Les inscriptions anciennes ne nous offrent-elles pas un Festus Romulus, un Caius Annius Romulus, un Posthumius Romulus, une Émilia Romula, un Caius Attius Romulus, et nombre d’autres que je passe sous silence ? Dans le moyen âge, ne voit-on pas en Italie une foule d’hommes de ce nom, ainsi qu’on peut le remarquer dans la Chronique d’Albini. Quelques critiques, en s’expliquant sur les fables composées par Romulus, les attribuent à Romulus Augustule, dernier empereur romain d’occident ; et de ce nombre sont Nilantius, Christius et Hauptmandus.

Dans une préface à Esope le moraliste, on trouve ces mots : Depuis, cela a été traduit en latin par Romulus, empereur romain, pour l’instruction de son fils. On lit encore dans l’avertissement placé en tête d’un manuscrit consulté par Nilantius : « Romulus, empereur de la ville de Rome, à son fils Tibérinus, salut. » D’après ces passages, d’après le témoignage de plusieurs savants, on a conclu que c’est un empereur romain qui est auteur ou traducteur des fables qui ont paru depuis sous le nom de Romulus.

Mais tout cela est fort incertain, et eu égard au temps, on ne peut attribuer ces fables à un souverain. C’est l’avis du célèbre Eschembourg, qui assure qu’à l’époque où l’on a commencé à écrire ou à lire ces fables, on a cru devoir, pour en augmenter le mérite, les mettre sous le nom d’un empereur romain. C’est ainsi que quelques fables ont paru sous le nom du roi Alphonse, et que des critiques ont fait du nom de Romulus celui de Romalius.

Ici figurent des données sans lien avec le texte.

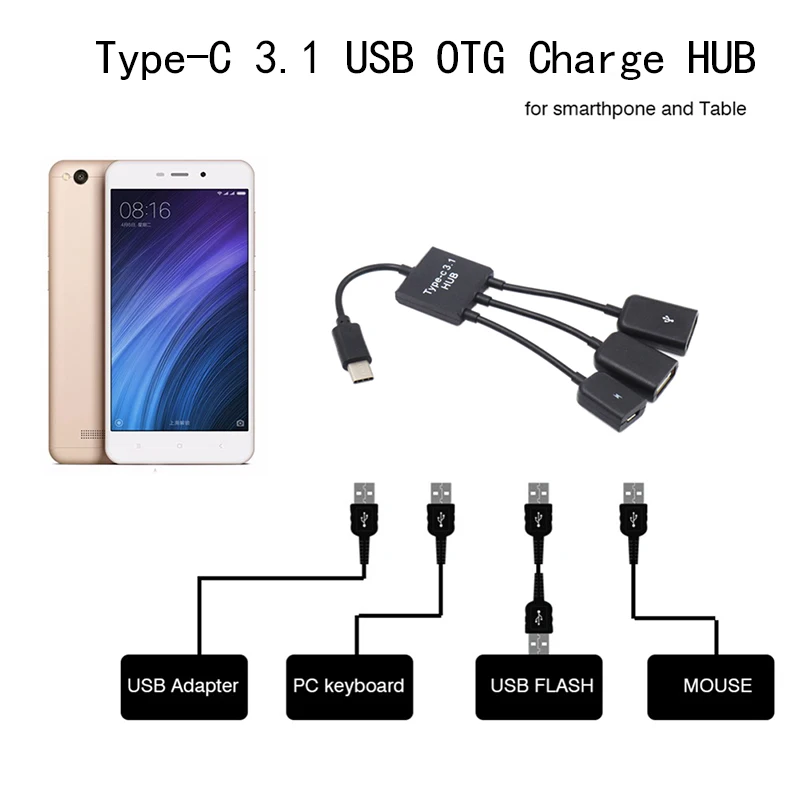 OTG USB Hub Connector Spliter 3 Port Type-c Power Charging OTG Hub Cable For Smartphone Computer Tablet PC Data USB Cable
OTG USB Hub Connector Spliter 3 Port Type-c Power Charging OTG Hub Cable For Smartphone Computer Tablet PC Data USB Cable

Au reste, on ne doit pas omettre ce qui a été découvert par Barthius, dans un très-ancien recueil qui contenoit des fables, écrites dans le genre élégiaque, d’un auteur anonyme, vulgairement appelé l’Anonyme de Nevelet, et où l’on trouve le passage suivant : Ésope fut le précepteur des Athéniens, et un certain empereur romain a prié le précepteur Romalius de lui envoyer quelques fables agréables pour le délasser un peu du poids des affaires, Romalius n’osant se refuser aux prières d’un si grand personnage, a traduit l’auteur grec en latin.

Mais, quoiqu’il soit ici question d’un livre de fables élégiaques qu’on attribue à l’anonyme de Nevelet, et non des fables de Romulus qui sont écrites en prose, il est aisé cependant de voir que c’est par erreur que le nom de Romulus a été changé en celui de Romalius, et que le précepteur Romalius n’est autre que notre Romulus dont les fables, qui n’étoient qu’en prose, ont été mises en vers par un anonyme ; de sorte qu’il ne doit point paroître étonnant que, par la méprise d’un glossateur ignorant, on ait attribué à Romalius, c’est-à-dire à Romulus, des fables élégiaques, trouvées dans un recueil manuscrit de Barthius.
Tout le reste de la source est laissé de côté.